The Centre on Thursday met states to consider the goods and services tax (GST) model proposed by the Gujarat government, as it tries to address their concerns on loss of revenue in the new tax regime and bridge trust deficit. Consuming states, however, opposed the proposal and it might be diluted if the Centre was to accept it.
"We met to discuss the proposal of the Gujarat government for sustaining revenue in GST," said an official after a meeting of the sub-committee of the empowered committee of state finance ministers.
After opposing it initially, Gujarat has now extended its support to GST with a rider that the Centre compensate it for any possible losses under the new system. The state proposed that exporting states should be permitted to retain two per cent of Integrated GST or IGST, the tax on inter-state movement of goods to be levied by the Centre.
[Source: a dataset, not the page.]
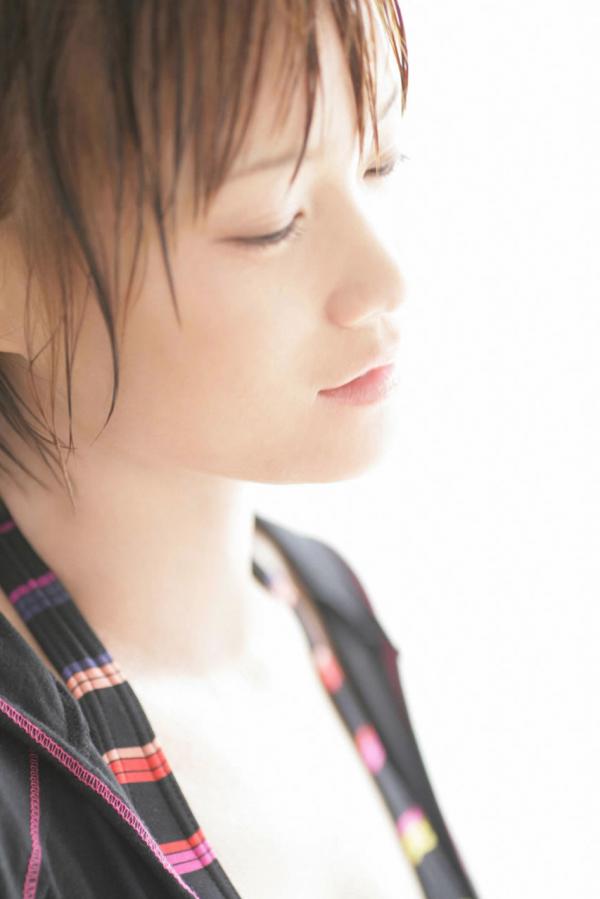 高清影院-HD日韩成人在线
It will replace Central Sales Tax levied at present.
However, finance ministry officials opposed the idea and so did consuming states such as West Bengal and Bihar. The proposal got the backing of other producing states such as Haryana, Tamil Nadu and Andhra Pradesh. States are now negotiating whether the rate can be lowered to one per cent with a sunset clause.
"There were few takers for this model because if the Centre gives IGST to manufacturing states from its CGST kitty, the overall compensation for GST would come down. With the shrinking of divisible pool, BIMARU (Bihar, Madhya Pradesh, Rajasthan and Uttar Pradesh) states are going to lose," said another official.
Gujarat's argument is that the destination principle of GST gives no incentive to producing states to promote the manufacturing sector. Though the Centre has agreed to compensate states for any losses in the GST regime, Gujarat argued "it would be only for five years, while this would be a permanent loss".
Though the United Progressive Alliance government had rejected Gujarat's earlier proposal to let states collect both CGST and SGST and then transfer to the Centre its component, Thursday's meeting between officials of the finance ministry and states signals that the National Democratic Alliance government might be open to the suggestion.
The finance ministry has been trying to evolve a consensus on the Constitution amendment Bill for the rollout of GST. Among the contentious issues was states' demand for a provision in the Constitution to compensate them for any losses they made under the proposed indirect tax regime. The ministry is now considering another legal framework that will ensure the Constitution does not have to be amended for this purpose, and at the same time, even states' trust does not erode.
To resolve another nagging issue - of petroleum products, which states want constitutionally kept outside the GST ambit as these comprise 26 per cent of their revenues - the Centre is likely to include these products in the new regime, but taxing these at the rate of zero per cent. States could continue to levy sales tax or value-added tax on these, while the Centre would retain its right to impose excise duty.